DIRECTIONS: Beginning with the line that contains "Pollen allergy concept" in the material below, print each line exactly until the line that contains "Double Colors Oil" has been printed, then stop.

** THE INPUT follows **

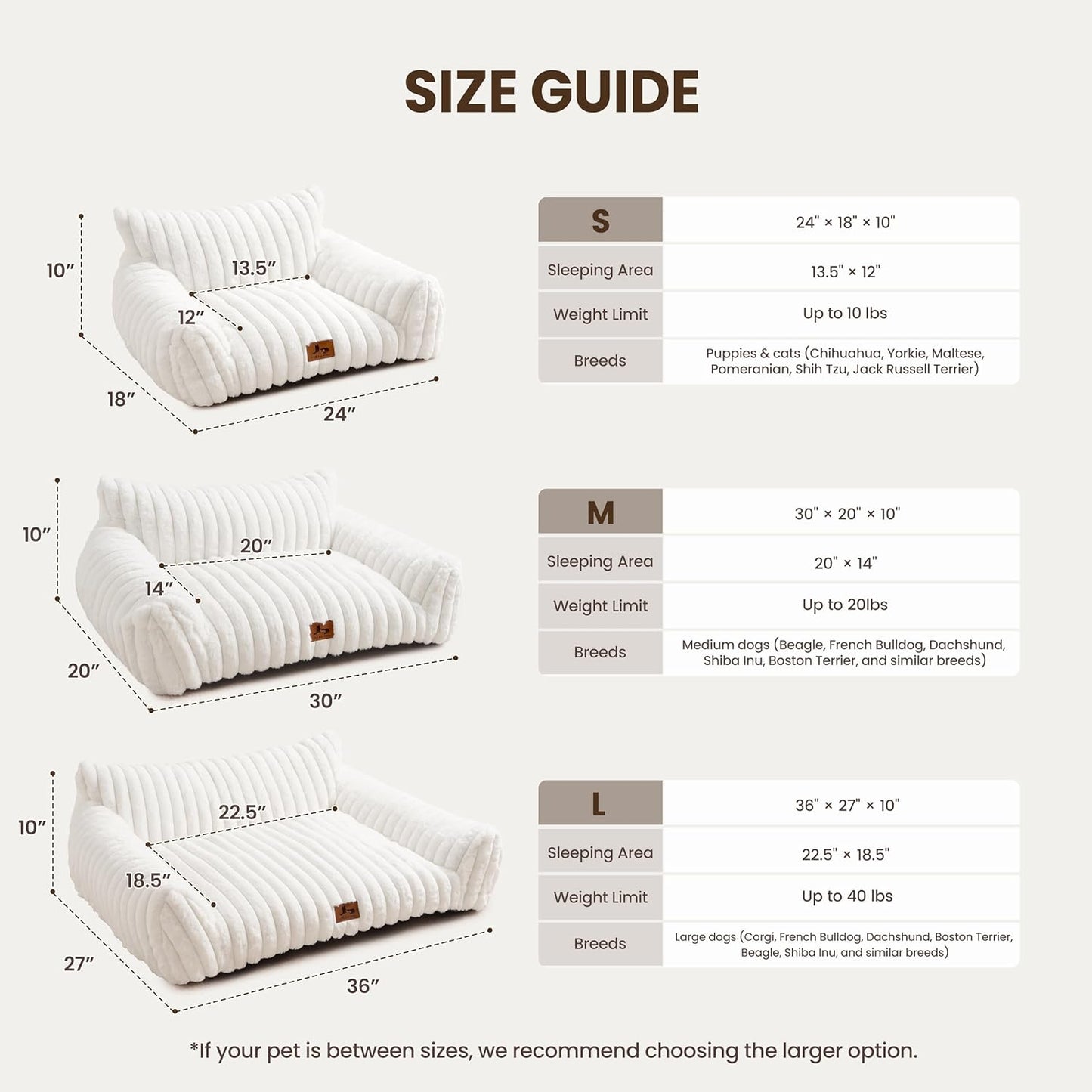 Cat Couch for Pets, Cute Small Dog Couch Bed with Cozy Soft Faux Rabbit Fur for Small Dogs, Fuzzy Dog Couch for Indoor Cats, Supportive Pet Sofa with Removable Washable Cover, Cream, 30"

** End of THE INPUT **
** THE INPUT follows **

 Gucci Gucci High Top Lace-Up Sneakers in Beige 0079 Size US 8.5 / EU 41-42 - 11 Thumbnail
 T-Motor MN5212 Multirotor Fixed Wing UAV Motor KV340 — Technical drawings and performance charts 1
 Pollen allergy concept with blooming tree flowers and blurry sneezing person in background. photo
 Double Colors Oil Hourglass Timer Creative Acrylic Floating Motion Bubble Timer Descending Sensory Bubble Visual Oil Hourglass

** End of THE INPUT **
** THE INPUT follows **

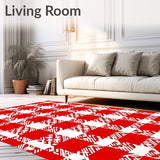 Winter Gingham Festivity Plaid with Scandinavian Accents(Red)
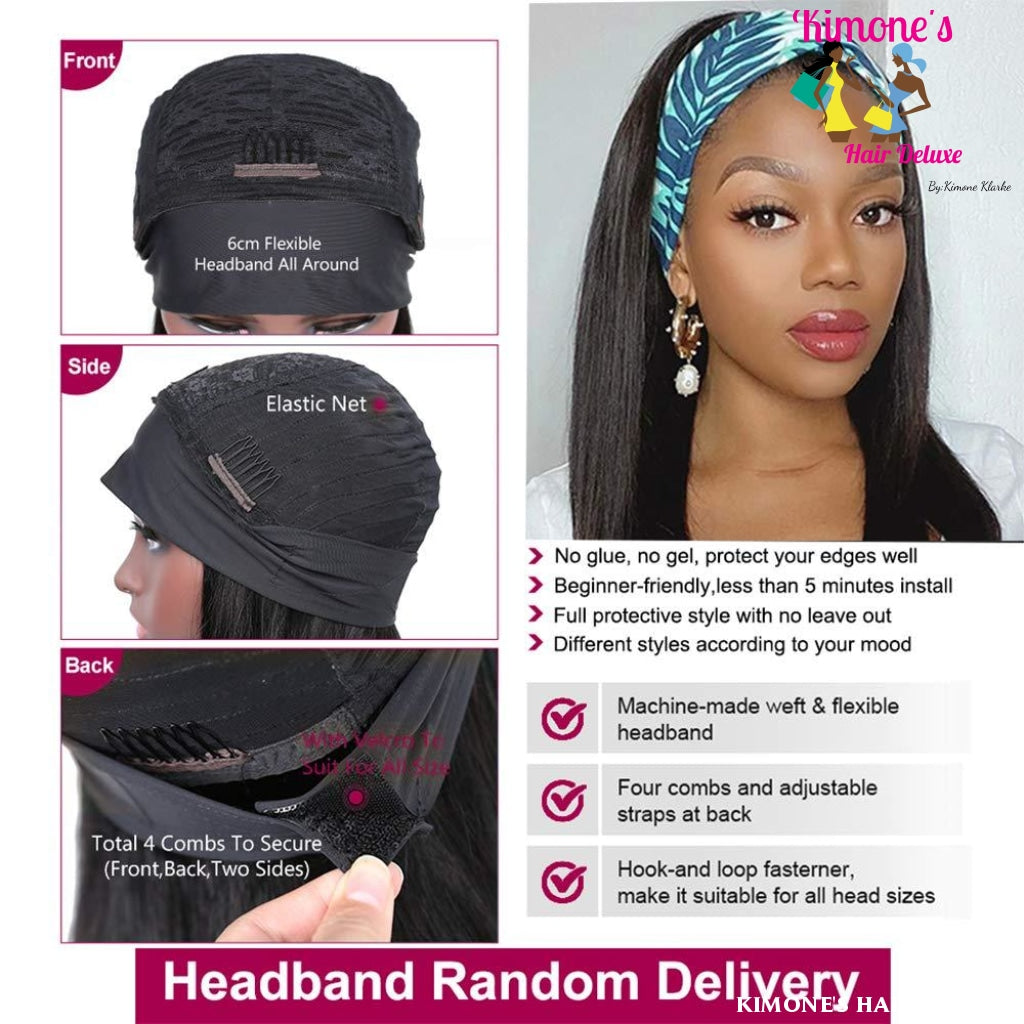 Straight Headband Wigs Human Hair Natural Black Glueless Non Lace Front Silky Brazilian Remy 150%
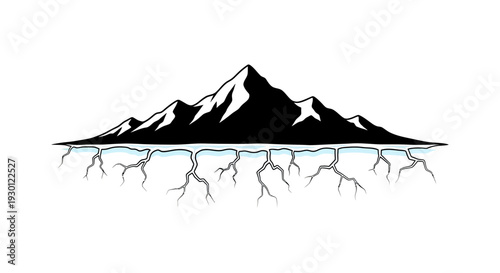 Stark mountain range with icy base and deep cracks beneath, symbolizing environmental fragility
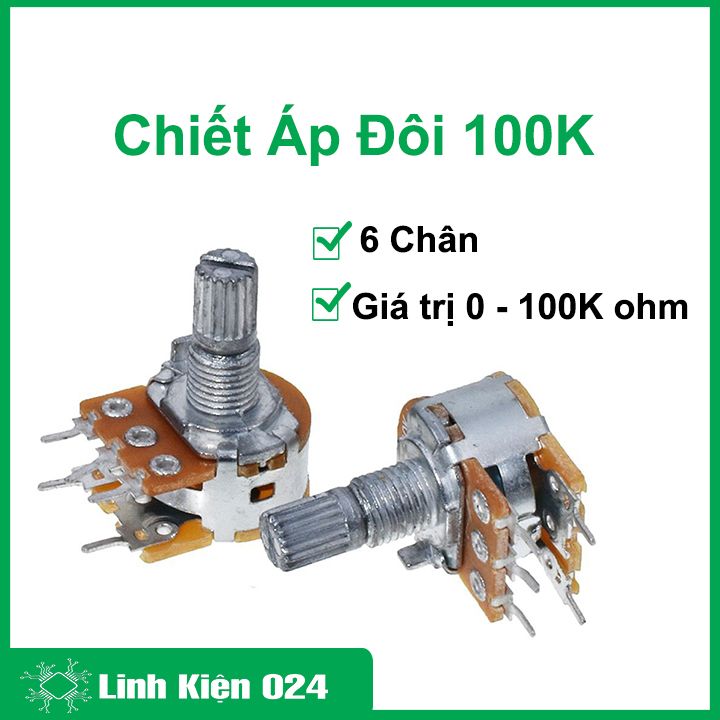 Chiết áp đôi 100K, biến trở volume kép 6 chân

** End of THE INPUT **

THE ANSWER:
 Pollen allergy concept with blooming tree flowers and blurry sneezing person in background. photo
 Double Colors Oil Hourglass Timer Creative Acrylic Floating Motion Bubble Timer Descending Sensory Bubble Visual Oil Hourglass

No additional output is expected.